Allowing encryption to be disabled serverside would render encryption useless, don’t you think?
I’d like to point out that I for one want to see the ability to encrypt backup traffic on LAN too, not just internet. This way the backup traffic can’t get snooped by staff or internal breaches. The majority of IT Security breaches, statistically, are done by company staff, not external parties. Having it be unencrypted on LAN makes it just that much easier to scoop data off other computers you don’t have access to.
You can of course use the internet mode locally. It’s harder to setup, but otherwise it has next to no disadvantages.
I might have missed it, but where in the Admin Docs would I find adapting the internet mode for LAN? Does that break LAN discovery at all?
One of these:
- You can run
"C:\Program Files\UrBackup\enable_internet_only.bat"on the clients - Put server in a separate (virtual) network and only forward internet + web interface
- Block 35623 UPD outgoing on the server with its firewall settings
- The 2.2.x server has a
--internet-onlyswitch.
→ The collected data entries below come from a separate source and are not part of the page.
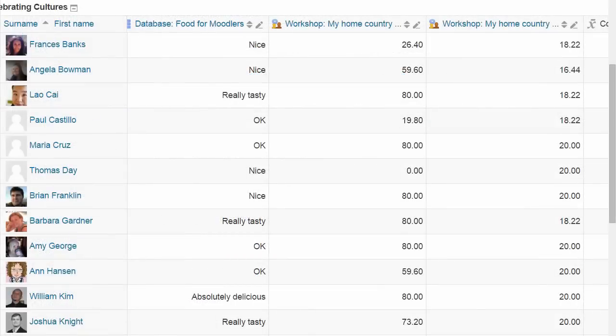The Gradebook is very powerful in Moodle and we've only been able to see a few of its many features, but hopefully it's given you an idea of what it can do for you as a teacher in your course.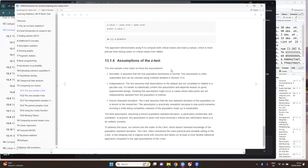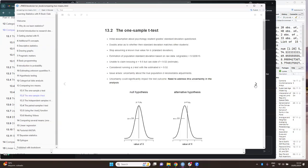In the previous session, we introduced the Z-test as background information. We finished the session saying that we would talk about the assumptions of the Z-test, which are normality, independence, and previous knowledge of the standard deviation. We explained that this third assumption is a little bit problematic and sometimes unrealistic — that is one of the main reasons the T-test was created. So in this session, we are going to talk about the T-test.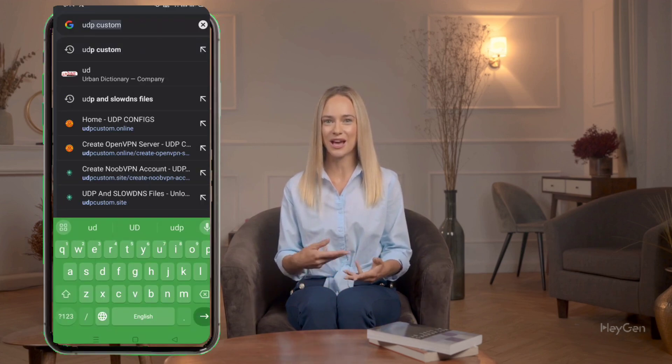Open your browser on your phone or computer and type UDP Custom in the search bar. Press Enter, and from the results, click on the official UDP Custom website. Make sure you're on the correct page before moving forward.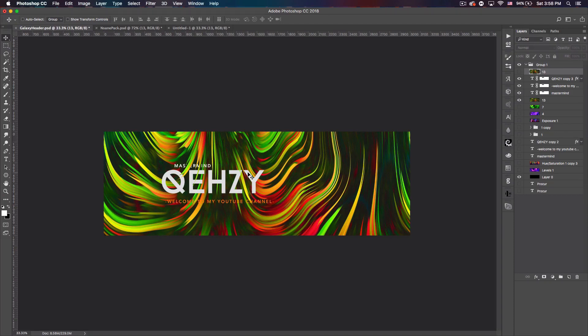You get things like my Insane Pack which you can use for this with the fractals. But anyways guys, follow me on Twitter at Quasi, subscribe for more tutorials, and I will see you next time. Peace.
On Windows add
–internet_only_mode
true
to args.txt
Of course it breaks LAN discovery. But you can temporarily switch LAN mode back on once you have a new client.
2 Likes
Are “internet” clients able to get new client updates pushed from the server? Is there any possibility in the future we can have LAN encryption + discovery? Or is that an impossibility?
Sorry. But if the client would encrypt the backup, encryption of the traffic would not be required…
I’m confused. Internet backup (as opposed to LAN), would mean the backup itself is encrypted, even on the server-side? Not the traffic between Client and Server?
What about wanting in-traffic encryption, but not on-disk encryption on the server? (for restoration reasons)
Also, another question came to mind. If I do ONLY internet backups, does the Restoration ISO stop being able to discover LAN UrBackup servers?
Shall we keep this topic about the Feature Request it’s about?
Well, I’m game for being on-topic, but after reviewing this thread, it looks like it’s relevant to the latest response given about internet v LAN. So… should I start another thread for that one question? 
Why don’t you need that? Do you encrypt the whole disk?
First, thanks for your work, Urbackup is Great tools !!
There are two kinds of encryption, first is the physical access to the harddisk, second is to the backup administrator, us.
First kind of encryption, recently I came across a client’s compliance assessment, they asked is the backup storage encrypted? well, I can say yes because I can encrypt my storage partition 
Second, can you read all data stored in the backup? Er… Yes I can. 
I am thinking, it can be fulfilled both by adding a “Keyphase” in the Urbackup client setting, so the backup content of a client is encrypted by that keyphase, so you can only read the content if you have the keyphase.
I know it will increase the server loading very very much I can imagine the incremental backup mechanism, you need to decrypt everything, compare it then backup and combine it and encrypt it. sounds it will slow down to an unacceptable speed.
just my 2 cents.
Based on my previous needs, and what I’ve seen from other products, only the data itself would need to be encrypted. The names and other data (size, time, etc) would not need to be altered.
The goal would be just to protect the data itself.
I assume this would (or, at least, could) adversely impact DeDuplication, but for the intended use cases, that would be less of a concern.
@uroni is this feature on your roadmap? having data encrypted with a user key would really be a killer-feature and help a lot in keeping private data secured
An implementation of this is currently in the dev branch. It solves this “properly”, so it also encrypts metadata such as file names + sizes + file system structure, but of course de-duplication between clients isn’t possible anymore. Pieces such as being able to mount the encrypted backups on the server are currently missing plus a lot of other things.
Focus is currently on finalizing 2.5.y. So if you want to help, testing that would speed up that, so focus can be switched to dev.
9 Likes
I am also interested in encyption of data in rest.
@uroni
Would be interested aswell. Is there any way for me to test the feature now already? Cant find the dev branch anywhere.
Would it not be possible have encryption via the group, anyone in the group can de-duplicate between each member)?